Now I am with my co-authors a lot of the way. Except, as regular readers know, I would impose my belief that null hypothesis significance testing be banished forevermore. Just as the “There is some good in p-values if properly used” folks would impose their belief that there is some good in p-values. Which there is not.

Another matter is “effect size”, which almost always means a statement about a point estimate of a parameter inside an ad hoc model. These are not plain-English effect sizes, which implies causality. How much effect x has on y. But statistical models can’t tell you that. They can, when used in a predictive sense, say how much the uncertainty of y changes when x does. So “effect size” is, or should, be thought of in an entirely probabilistic way.

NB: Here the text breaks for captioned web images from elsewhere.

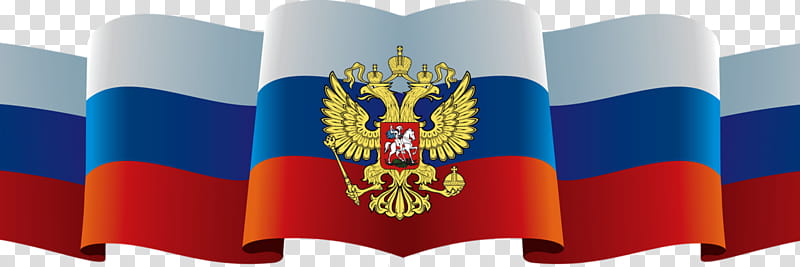 Russia Day, Flag Of Russia, Russian Ministry Of Internal Affairs, National Flag Day In Russia, History Of Russia, Russian Science Day, Moscow, Document transparent background PNG clipart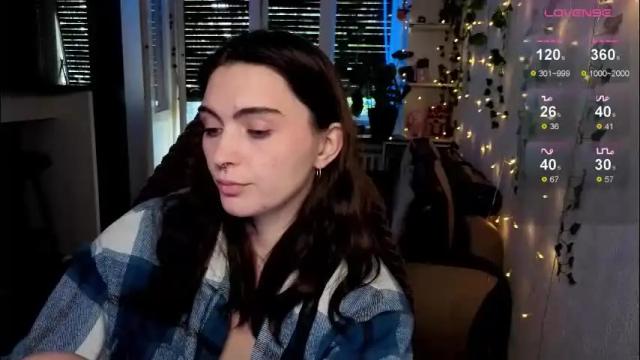 Image 12 of dorfmatratze_ Stream on Chaturbate on 2 months ago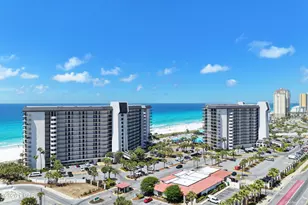 520 N Richard Jackson Blvd, Panama City Beach, FL 32407 - Photo 76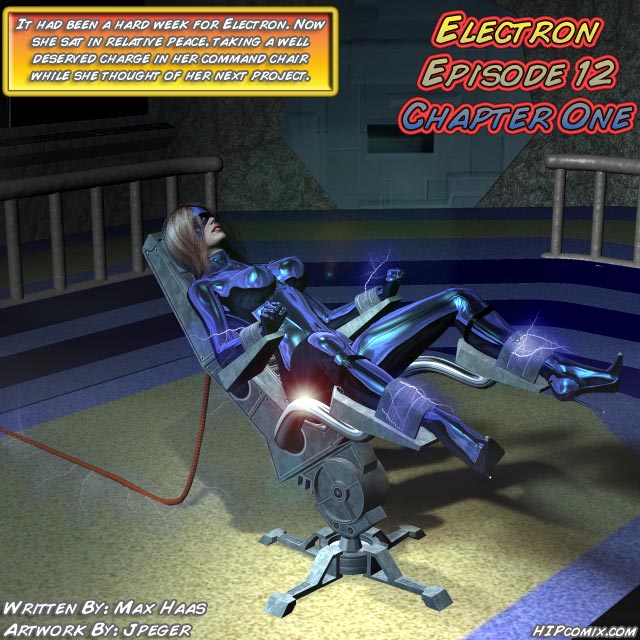 el12a001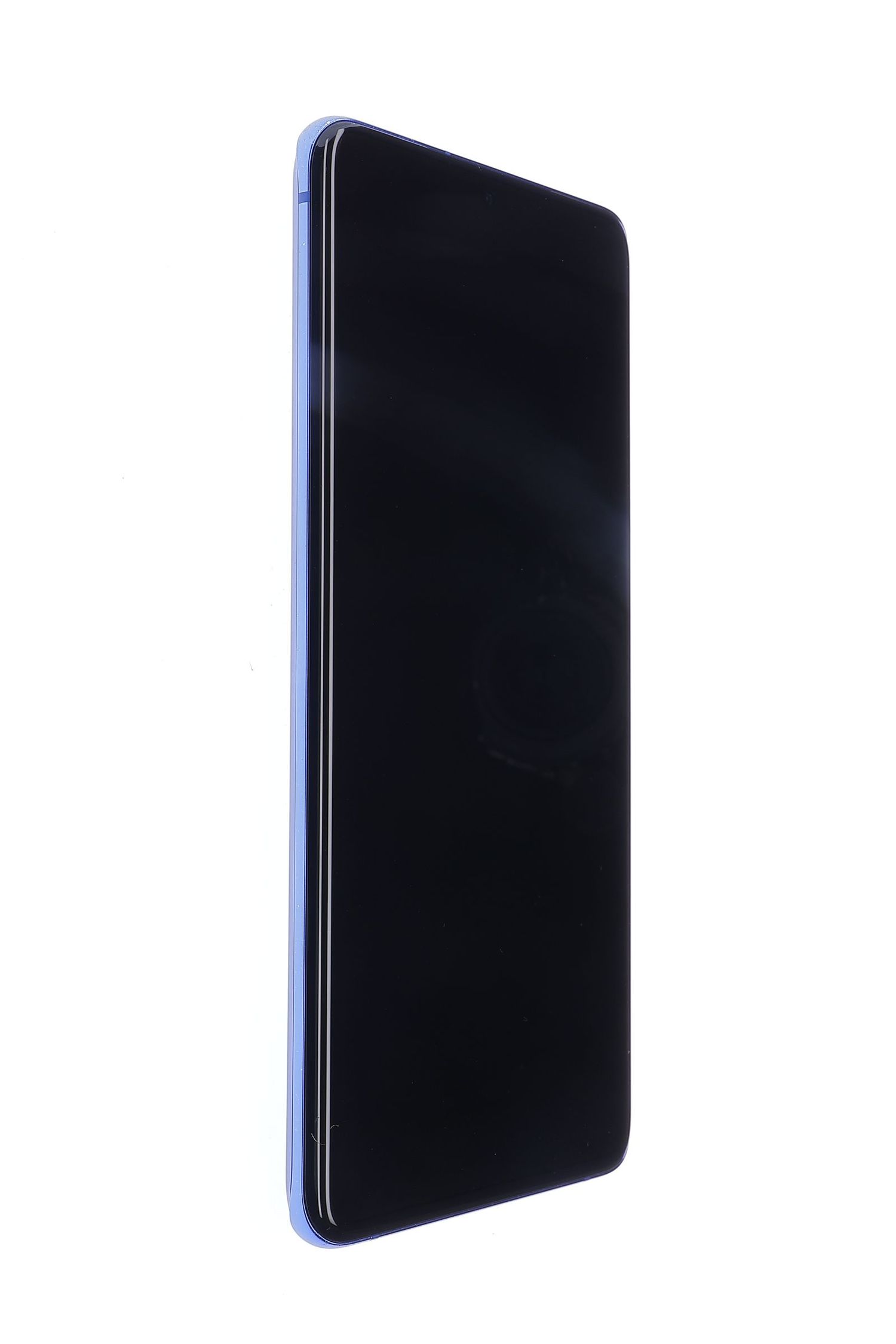 Samsung Galaxy S20 Plus 128 GB Cloud Blue - Kiváló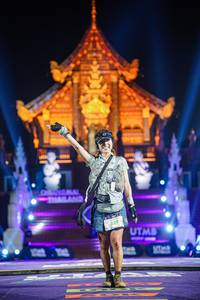 BIB: 2012, 339
                            <button type="button" onclick="openModal(22647024)" class="btn btn-primary btn-sm float-right btn-popup" data-toggle="modal" data-target=".modal-high-quality">
                        <i class="fas fa-shopping-cart"></i> Add to Cart
                    </button>
                                            <button type="button" onclick="isThisMe(22647024, true)" class="btn btn-success btn-sm float-right btn-popup btn-isme hidden" data-toggle="tooltip" data-placement="bottom" title="นี่คือรูปของคุณใช่ไหม คลิกที่นี่เพื่อเอาเข้าอัลบั้ม">
                        <i class="fas fa-plus"></i> Add to album
                    </button>
                    <button type="button" onclick="isThisMe(22647024, false)" class="btn btn-warning btn-sm float-right btn-popup btn-isnotme hidden">
                        <i class="fas fa-ban"></i> Remove from album
                    </button>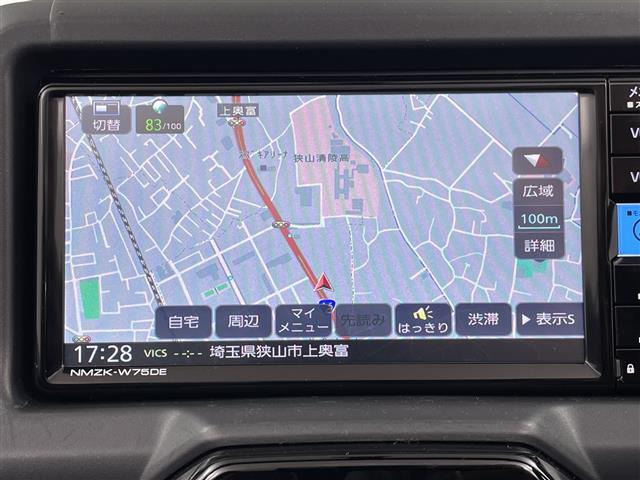 コペンGR スポーツ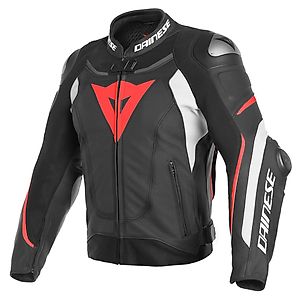 DAINESE(ダイネーゼ) レザージャケット | バイク用品通販 Webike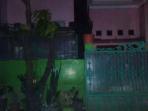 kediaman-nakhoda-henry_20160513_223651.jpg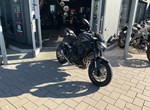 Angebot Kawasaki Z900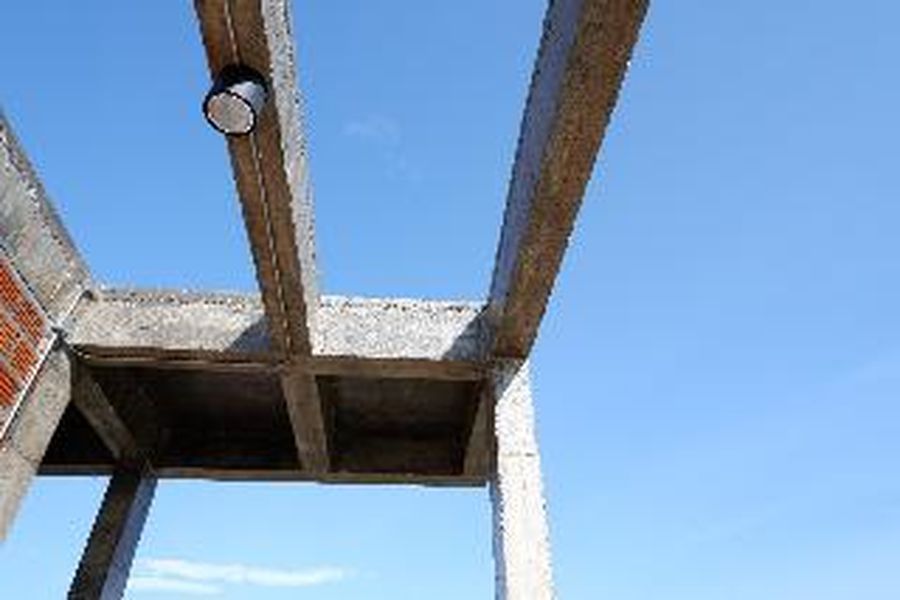 photo-2
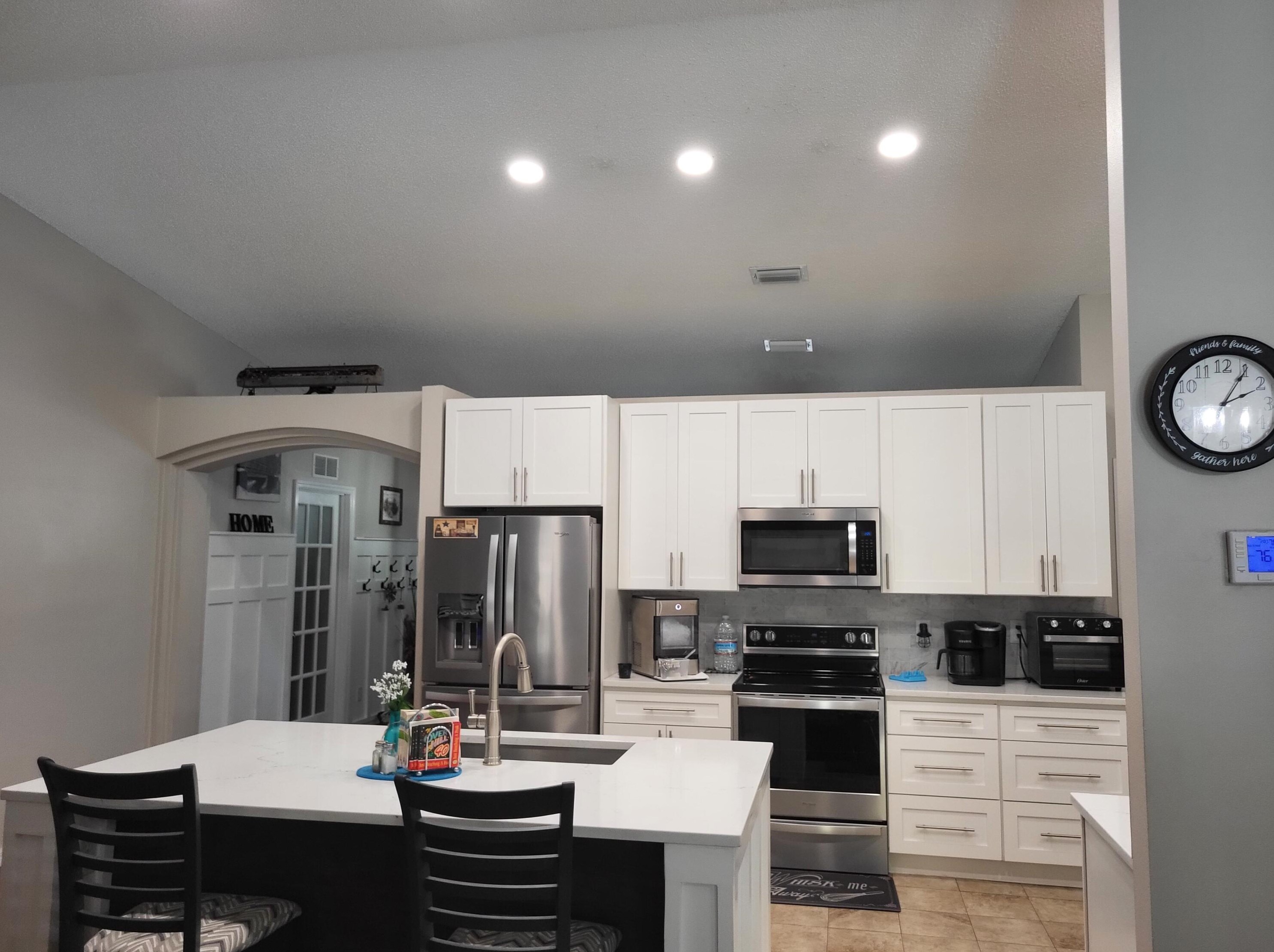 7215 Kaylor Ave, Cocoa FL  32927-2942 exterior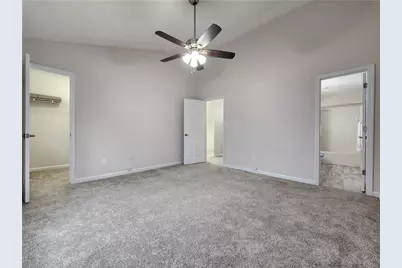 902 Tree Creek Boulevard, Lawrenceville, GA 30043 - Photo 4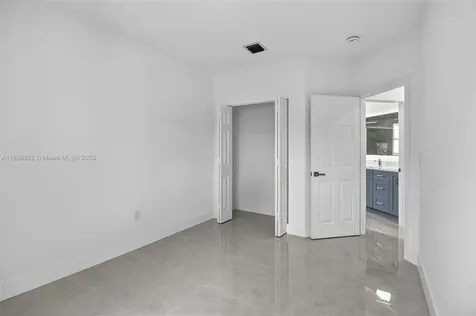 11244 NW 58th Terrace Doral FL 33178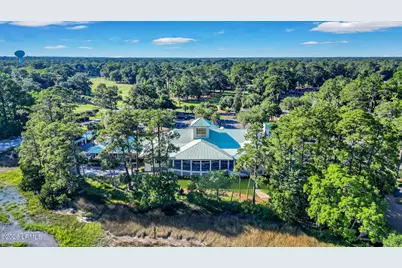 9 Timber Lane, Hilton Head Island, SC 29926 - Photo 58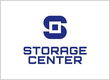 The Storage Center New Orleans - Marrero, Louisiana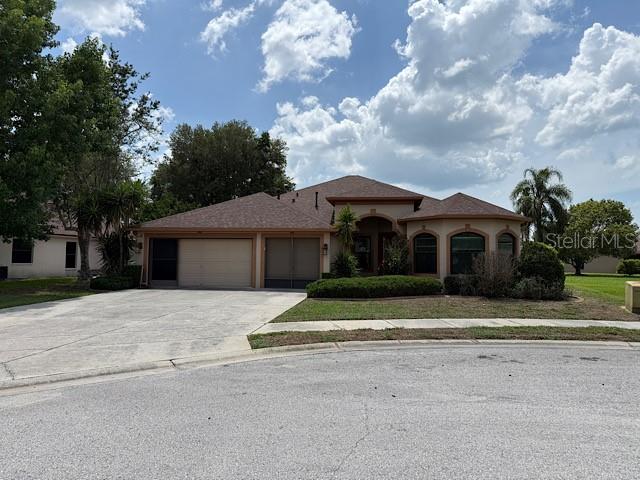 13743 Bryndlewood Ct, FL
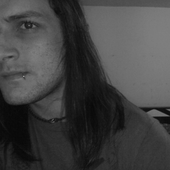 Avatar for RykRock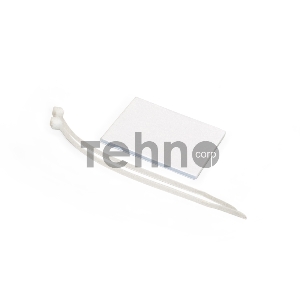 Розетка внешняя двойная ExeGate SM2-RJ45-C6 RJ-45 кат.6 UTP Krone/110 Розетка внешняя двойная ExeGate SM2-RJ45-C6 RJ-45 кат.6 UTP Krone/110
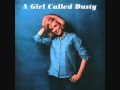 Dusty Springfield - A Girl Called Dusty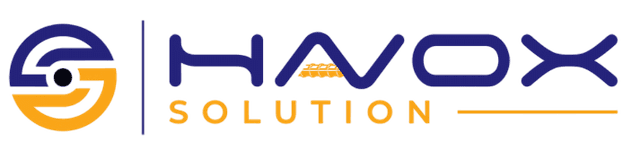 hevox-logo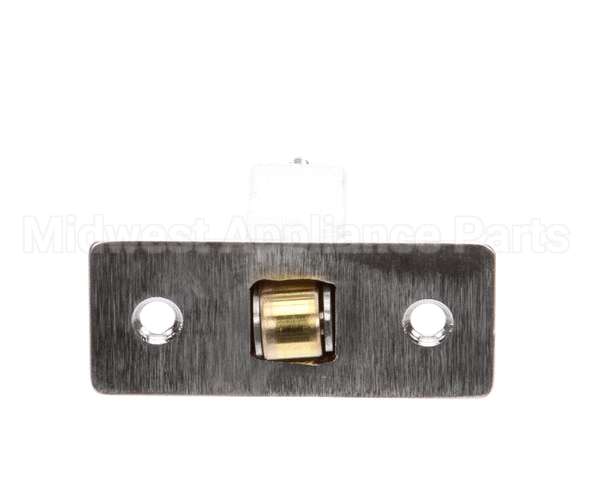 18302-0087 Carter Hoffmann Roller Latch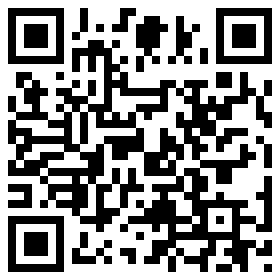 qrcode für Ridi Leuchten GmbH 2560671SI device carrier VL2S-GL 7x si DALI-2 medium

The conclusion we can all agree with:

It seems appropriate to conclude with the basic issue that has been with us from the beginning. Should p-values and p-value thresholds, or any other statistical tool, be used as the main criterion for making publication decisions, or decisions on accepting or rejecting hypotheses? The mere fact that researchers are concerned with replication, however it is conceptualized, indicates an appreciation that single studies are rarely definitive and rarely justify a final decision. When evaluating the strength of the evidence, sophisticated researchers consider, in an admittedly subjective way, theoretical considerations such as scope, explanatory breadth, and predictive power; the worth of the auxiliary assumptions connecting nonobservational terms in theories to observational terms in empirical hypotheses; the strength of the experimental design; and implications for applications. To boil all this down to a binary decision based on a p-value threshold of 0.05, 0.01, 0.005, or anything else, is not acceptable.

Bonus Disguising p-values as “magnitude-based inference” won’t help, either, as this amusing story details. Gist: some guys tout massaged p-values as innovation, are exposed as silly frauds, and cry victim, a cry which convinces some.

Moral: The best probability is probability, and not some ad hoc conflation of probability with decision, which is what all “hypothesis tests” are.

3 thoughts on “Manipulating the Alpha Level Cannot Cure Significance Testing Leave a comment

  1. I am one (and a minor one) of the—Count ’em!—fifty-eight authors.

    Yeah, but number nine in the list is so not so bad if ranking means anything.

    Or do we allow the possibility of error? And, if we do, if we are allowed to question this article, are we not allowed to question every article?

    And if we question every article, is that not an indictment of all peer review? And if we question all peer review, is that not a severe criticism of the whole scientific publishing enterprise? And if we condemn scientific publishing, is that not a condemnation of all Science. Well, sir, I am not going to let you condemn all of Science! 😉

  2. First, I got my laugh of the day with the comment about how to cure significance testing!

    I’m pleased to see this was published in a psych journal. Psychologists just love that p value. Makes everything so sciency. Hopefully, a few medical researchers will also see it. I have a distinct dislike for what the p value has done to science and how it has elevated pseudoscience. When so many things that were “significant” in test A turn out to be not so significant when the study is replicated, researchers should have wondered. Instead, they just stopped duplicating studies. I really miss science and reality sometimes…..

    Great paper.

  3. Medical people, particularly the actual practitioners of the art, have long been aware of the limits and misuse of p-values. Some 3 decades ago, they started formally incorporating Bayesian inference. As Briggs says, even that has limits.

    The practicing medico has to make decisions and the person the practicing medico is advising has to make decisions and both are doing such under uncertainty. Unfortunately, the legal people didn’t get the memo. Let’s not bring up jury people, at least in the USA. Let me say that having been called for jury duty and gone through voir dire left me speechless.